◆ Activity: Every line from the one containing "SAMP Сервер SAMP SERVER" to the end of the records below, written out word for word, is the whole answer.

┄┄┄┄┄┄┄┄┄┄

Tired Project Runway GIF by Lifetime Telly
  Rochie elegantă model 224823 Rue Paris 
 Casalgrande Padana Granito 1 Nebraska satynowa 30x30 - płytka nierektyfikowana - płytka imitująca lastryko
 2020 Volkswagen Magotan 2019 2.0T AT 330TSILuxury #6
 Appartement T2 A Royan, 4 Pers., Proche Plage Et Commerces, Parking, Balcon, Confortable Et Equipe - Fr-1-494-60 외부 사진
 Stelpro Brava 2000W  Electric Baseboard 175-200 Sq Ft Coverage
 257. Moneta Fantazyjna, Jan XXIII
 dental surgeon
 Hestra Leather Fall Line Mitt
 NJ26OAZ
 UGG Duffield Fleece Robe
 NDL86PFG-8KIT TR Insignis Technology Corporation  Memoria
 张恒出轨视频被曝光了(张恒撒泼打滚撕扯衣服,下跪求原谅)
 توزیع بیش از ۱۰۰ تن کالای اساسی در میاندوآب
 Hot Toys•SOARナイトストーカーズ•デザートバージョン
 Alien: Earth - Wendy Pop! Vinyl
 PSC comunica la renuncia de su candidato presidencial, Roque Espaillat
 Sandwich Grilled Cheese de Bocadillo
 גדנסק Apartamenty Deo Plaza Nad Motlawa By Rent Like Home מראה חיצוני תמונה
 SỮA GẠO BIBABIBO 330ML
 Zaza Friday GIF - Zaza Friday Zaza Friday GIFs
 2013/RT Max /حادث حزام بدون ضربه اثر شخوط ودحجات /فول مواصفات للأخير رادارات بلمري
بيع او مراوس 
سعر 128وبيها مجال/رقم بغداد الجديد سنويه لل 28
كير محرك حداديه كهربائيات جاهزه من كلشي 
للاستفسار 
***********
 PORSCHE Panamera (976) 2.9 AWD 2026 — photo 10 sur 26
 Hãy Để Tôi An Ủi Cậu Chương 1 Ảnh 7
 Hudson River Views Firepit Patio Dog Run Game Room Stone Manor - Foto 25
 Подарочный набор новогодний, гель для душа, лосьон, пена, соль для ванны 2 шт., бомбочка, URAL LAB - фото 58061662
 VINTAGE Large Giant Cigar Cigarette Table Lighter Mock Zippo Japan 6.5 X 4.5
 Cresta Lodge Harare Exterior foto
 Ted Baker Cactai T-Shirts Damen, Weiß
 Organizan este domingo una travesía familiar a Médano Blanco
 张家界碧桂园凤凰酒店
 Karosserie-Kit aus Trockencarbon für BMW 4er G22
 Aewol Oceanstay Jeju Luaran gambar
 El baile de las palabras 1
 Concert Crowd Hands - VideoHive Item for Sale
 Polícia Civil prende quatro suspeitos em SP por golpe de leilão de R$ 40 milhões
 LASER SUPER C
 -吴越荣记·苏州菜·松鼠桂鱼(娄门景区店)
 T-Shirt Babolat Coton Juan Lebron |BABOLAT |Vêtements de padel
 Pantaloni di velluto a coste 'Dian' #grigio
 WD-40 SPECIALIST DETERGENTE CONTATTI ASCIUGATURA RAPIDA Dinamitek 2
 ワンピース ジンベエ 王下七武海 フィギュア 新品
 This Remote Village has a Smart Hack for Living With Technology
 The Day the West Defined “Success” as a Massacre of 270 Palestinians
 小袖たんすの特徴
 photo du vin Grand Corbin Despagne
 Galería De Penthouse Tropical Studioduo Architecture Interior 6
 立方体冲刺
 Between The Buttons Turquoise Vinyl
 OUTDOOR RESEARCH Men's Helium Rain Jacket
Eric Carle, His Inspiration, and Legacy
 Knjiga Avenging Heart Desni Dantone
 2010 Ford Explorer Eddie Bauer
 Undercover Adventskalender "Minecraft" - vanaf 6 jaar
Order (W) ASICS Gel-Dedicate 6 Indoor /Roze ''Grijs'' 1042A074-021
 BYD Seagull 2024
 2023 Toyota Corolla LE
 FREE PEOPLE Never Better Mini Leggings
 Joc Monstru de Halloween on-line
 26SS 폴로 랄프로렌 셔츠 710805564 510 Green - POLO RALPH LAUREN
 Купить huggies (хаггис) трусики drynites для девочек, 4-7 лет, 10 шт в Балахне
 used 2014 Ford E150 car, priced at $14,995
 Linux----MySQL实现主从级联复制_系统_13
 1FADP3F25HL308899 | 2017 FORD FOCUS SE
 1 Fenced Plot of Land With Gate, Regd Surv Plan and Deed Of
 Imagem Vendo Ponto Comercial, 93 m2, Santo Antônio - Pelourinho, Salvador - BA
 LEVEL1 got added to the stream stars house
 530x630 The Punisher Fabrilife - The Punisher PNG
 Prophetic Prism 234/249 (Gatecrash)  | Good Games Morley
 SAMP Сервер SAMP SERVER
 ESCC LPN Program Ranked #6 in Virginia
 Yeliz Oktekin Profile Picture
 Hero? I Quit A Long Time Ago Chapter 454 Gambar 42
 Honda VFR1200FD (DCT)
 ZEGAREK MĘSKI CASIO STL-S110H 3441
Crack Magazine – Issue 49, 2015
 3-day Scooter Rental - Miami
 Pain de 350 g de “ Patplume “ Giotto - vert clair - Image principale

┄┄┄┄┄┄┄┄┄┄

◆ Exercise answer:
 SAMP Сервер SAMP SERVER
 ESCC LPN Program Ranked #6 in Virginia
 Yeliz Oktekin Profile Picture
 Hero? I Quit A Long Time Ago Chapter 454 Gambar 42
 Honda VFR1200FD (DCT)
 ZEGAREK MĘSKI CASIO STL-S110H 3441
Crack Magazine – Issue 49, 2015
 3-day Scooter Rental - Miami
 Pain de 350 g de “ Patplume “ Giotto - vert clair - Image principale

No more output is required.